How to get a generic wrapper class for this, without implementing it for all INameable implementing types? Do you think that's possible?
No, this isn't possible, unless T is constrained to be an interface or to be a class with all members virtual, and this constraint isn't possible to specify at compile time (though you could write a runtime check if you're happy with that approach).
The reason you cannot do it for arbitrary types is that if you take an object of type T then you must return an object that is assignable to T. If I pass an object that looks as follows...
public sealed class SomeClass : INameable
{
public string Name { get; }
public string Abc { get; }
}
...then there is no way you can create another type that is assignable to SomeClass. Not using Reflection.Emit or any other method, because the type is sealed.
However, if you're happy with the restrictions that I've mentioned then you could use something like the Castle DynamicProxy framework to create a type that proxies the passed in object and intercepts the calls to either forward or re-implement as appropriate.
Well, yes, it's possible, but it involves generating code in memory.
You can look at Reflection.Emit and here.

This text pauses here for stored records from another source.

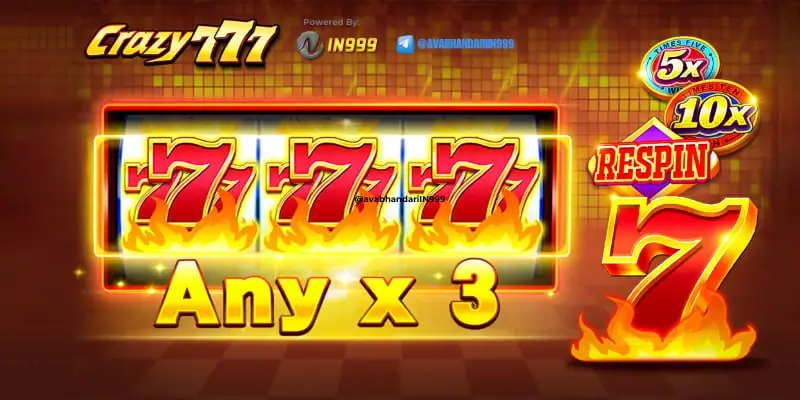 Crazy 777 Slot Game – A Thrilling Spin to Big Wins 2 What is the Crazy 777 Slot Game In999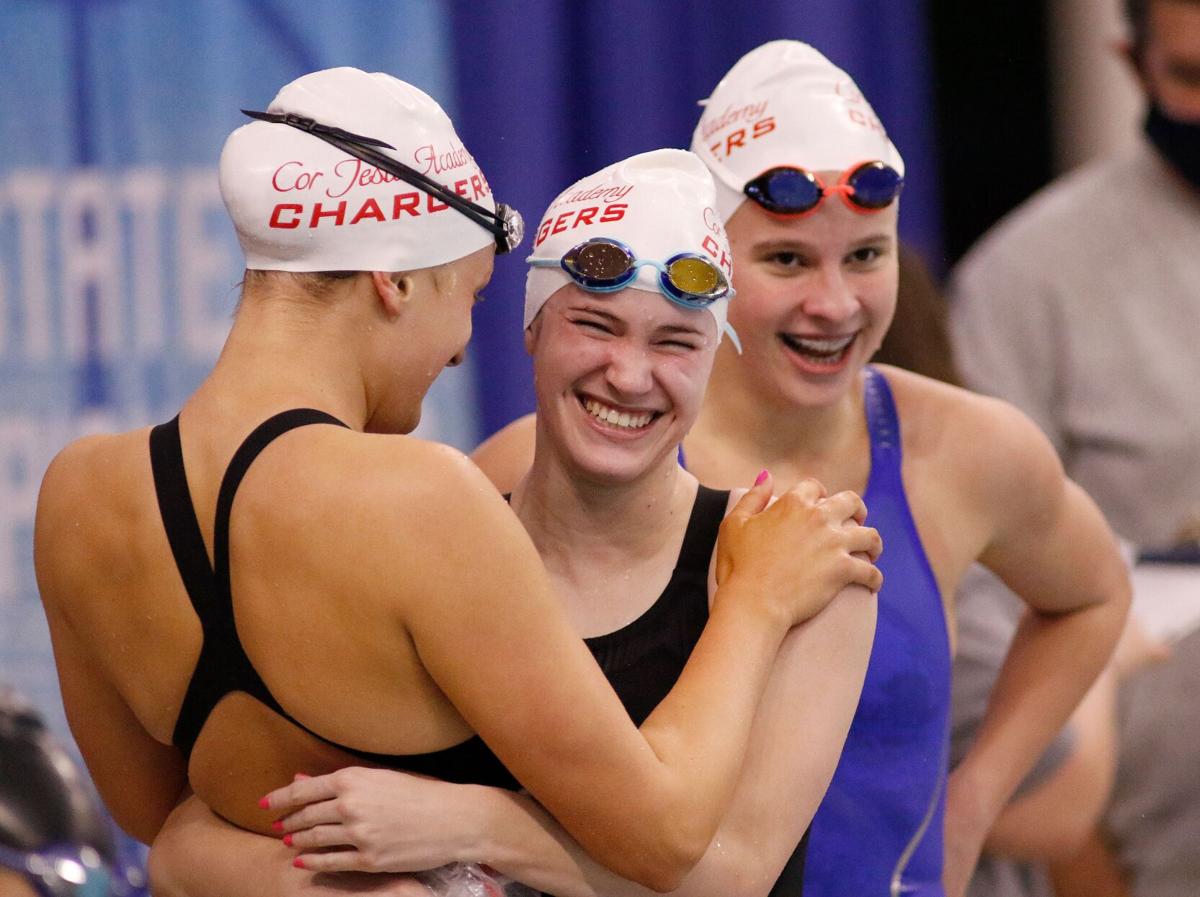 State Class 1 Girls Swimming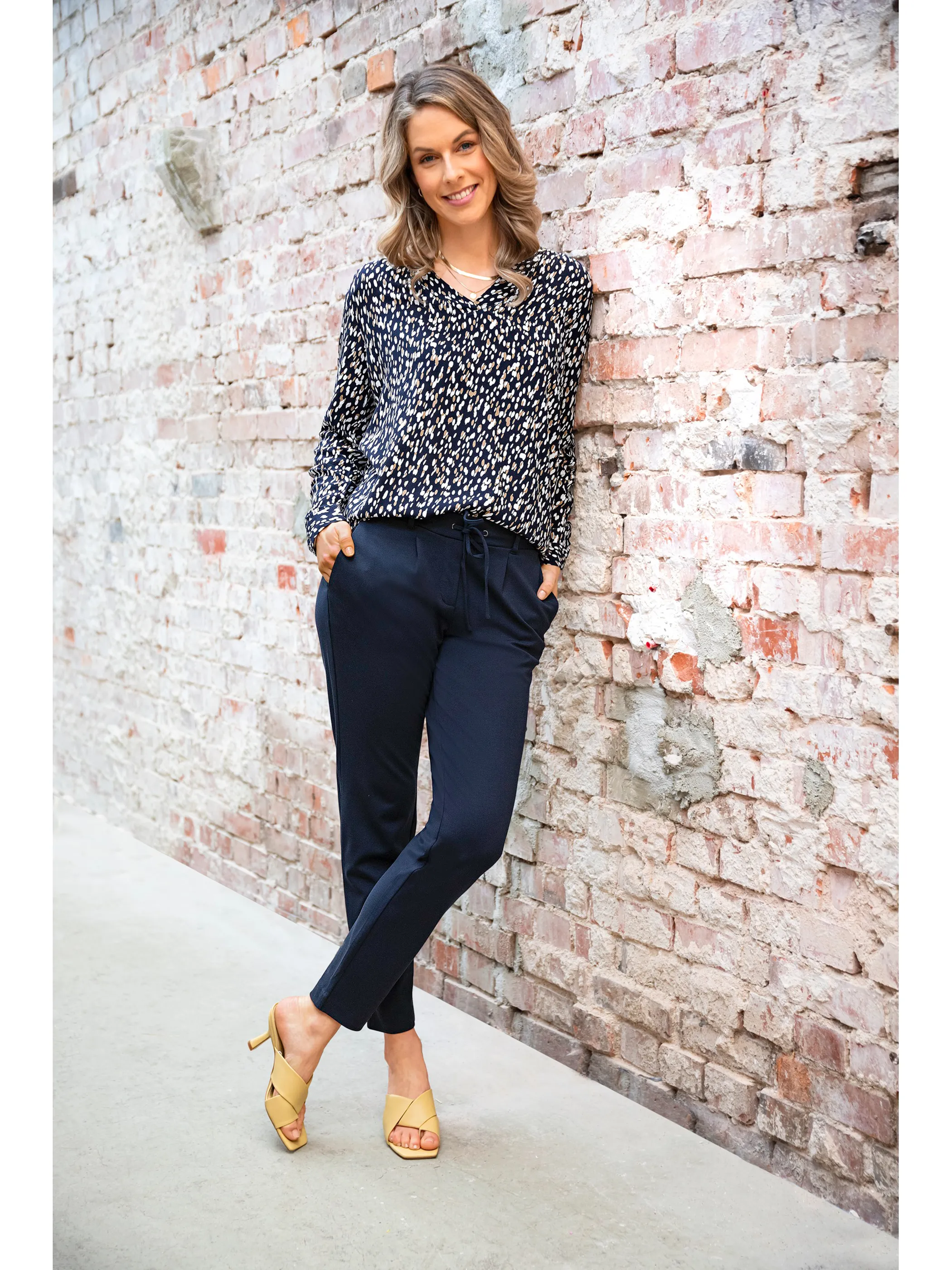 Damen Schlupfhose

Note that it will involve a lot of code.
That is, if I assume I understand you correctly.
Here's what I think you're asking for:
SomeNameableObject a1 = new SomeNameableObject("ThisIsTheFirstName");
SomeNameableObject a2 = a1.Rename("ThisIsTheSecondName");
// a1 works, still has the name ThisIsTheFirstName
// a2 works, but everything is routed to a1,
// except for the name, which is ThisIsTheSecondName
Is that correct?